What you are asked to do:
Nothing but an exact copy is asked for: the lines in the material below from the one with "Leandra Carlos photo 1" through the one with "Refugia Hotel / Mobil Arquitectos", pictures excluded.

Task inputs:
[Start of Attachment]
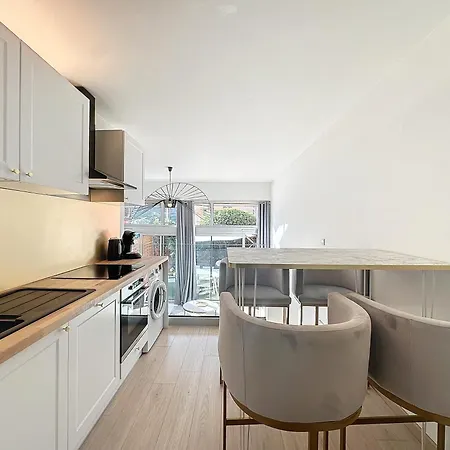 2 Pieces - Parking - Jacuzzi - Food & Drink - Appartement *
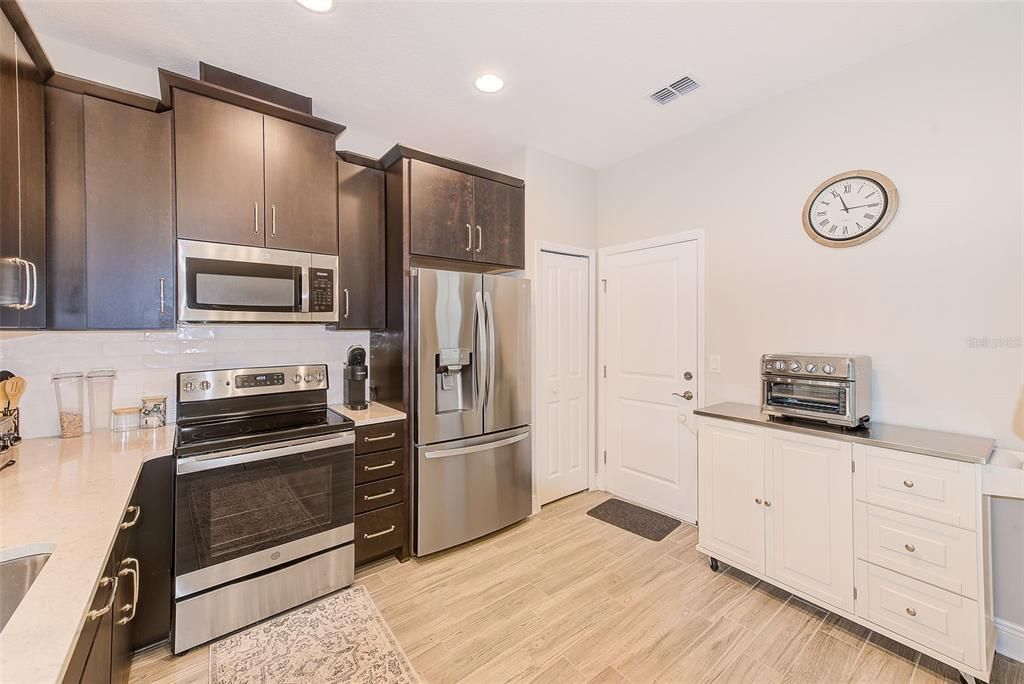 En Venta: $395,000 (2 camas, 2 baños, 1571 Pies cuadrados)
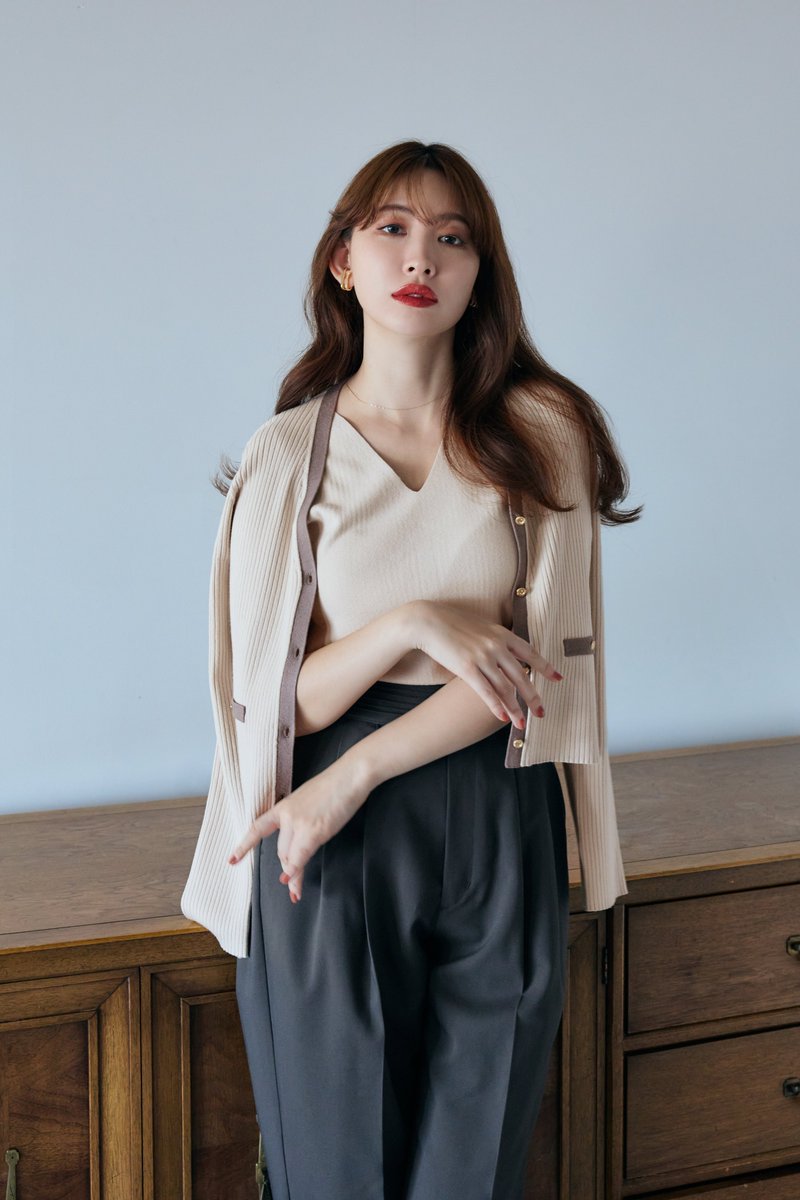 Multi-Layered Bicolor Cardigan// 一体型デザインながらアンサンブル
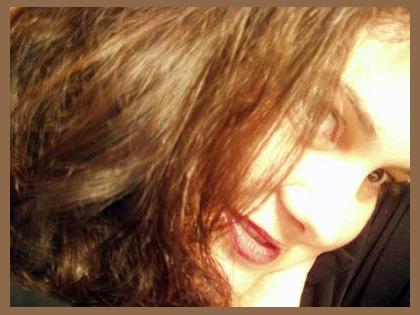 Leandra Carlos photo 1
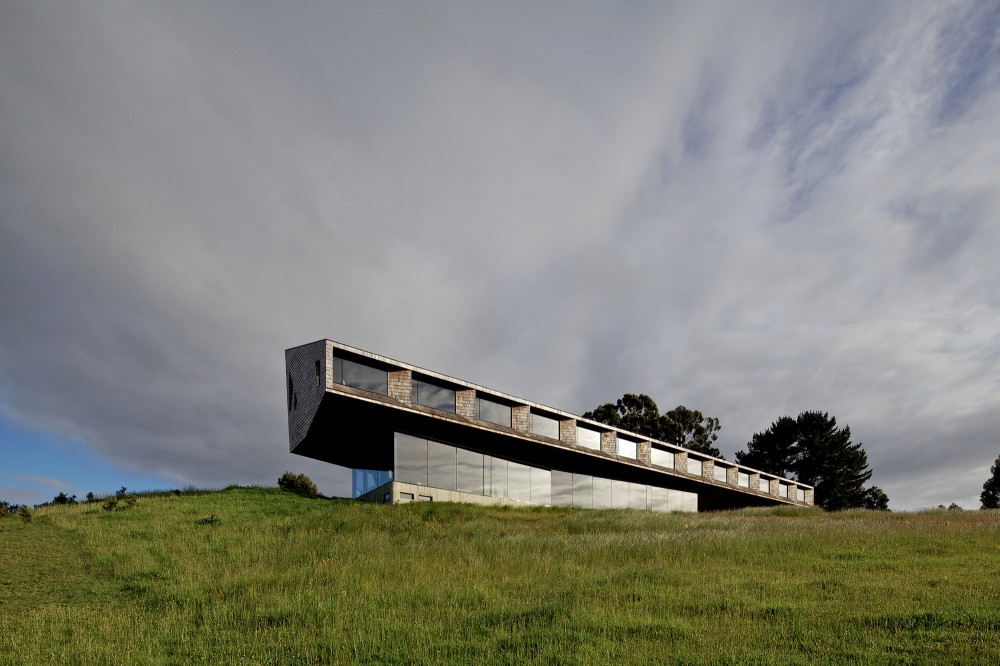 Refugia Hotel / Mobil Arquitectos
[End of Attachment]
[Start of Attachment]
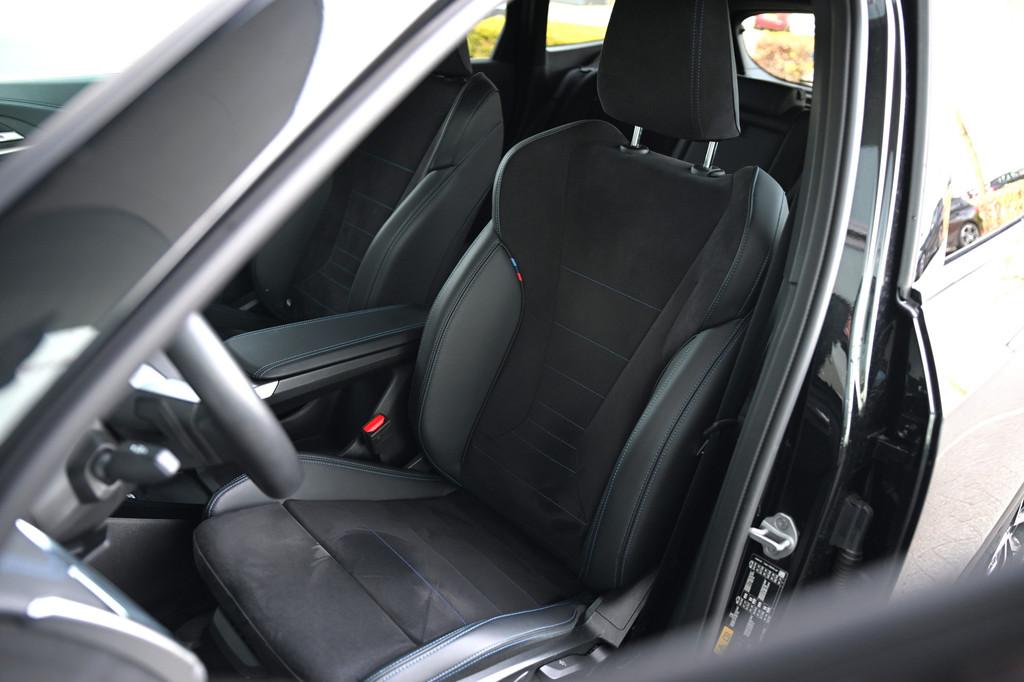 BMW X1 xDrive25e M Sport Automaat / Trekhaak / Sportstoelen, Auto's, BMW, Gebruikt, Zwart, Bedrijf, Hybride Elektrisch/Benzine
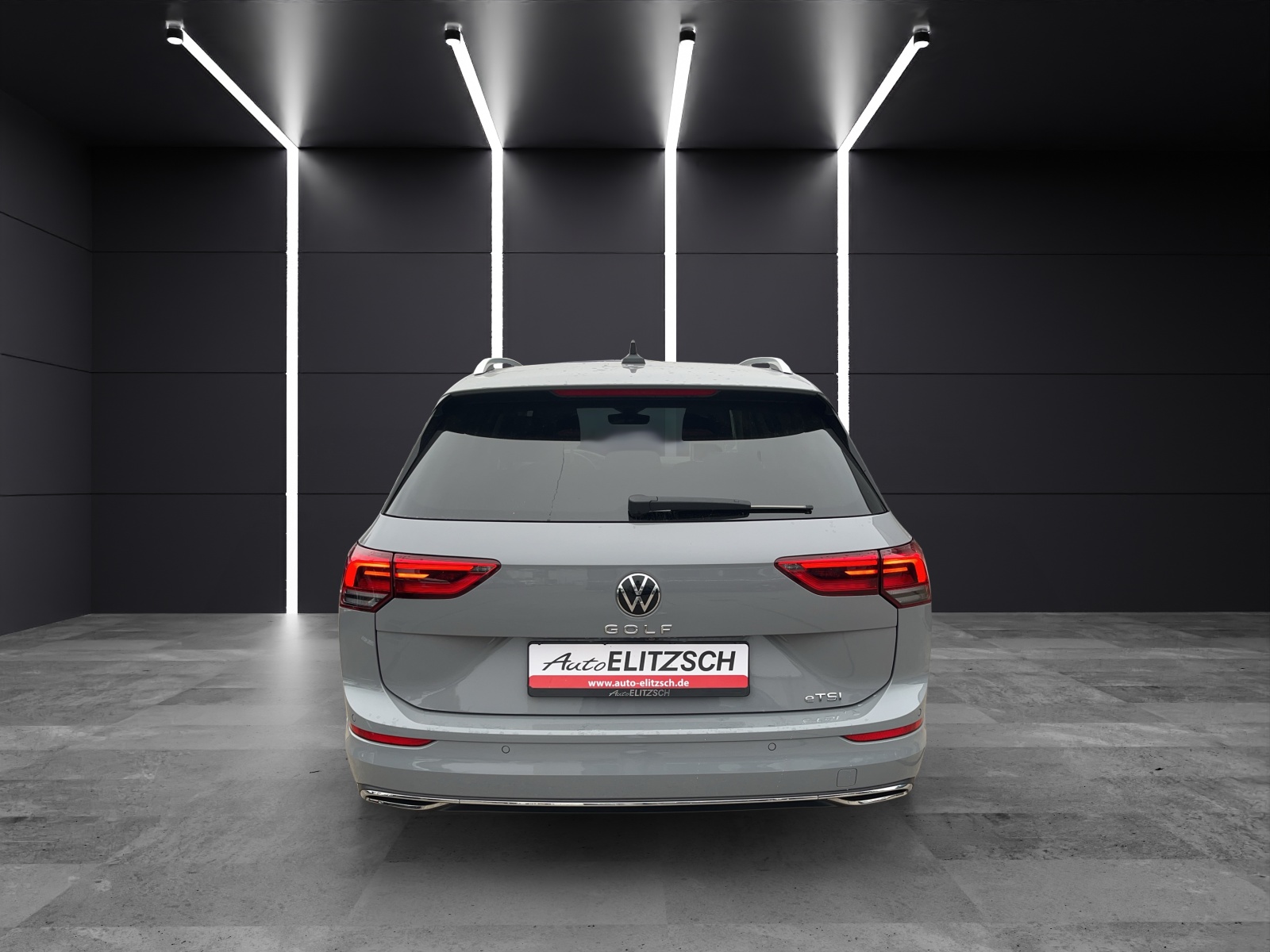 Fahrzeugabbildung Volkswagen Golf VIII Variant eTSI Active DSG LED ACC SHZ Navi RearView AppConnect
[End of Attachment]
Expected output:
 Leandra Carlos photo 1
 Refugia Hotel / Mobil Arquitectos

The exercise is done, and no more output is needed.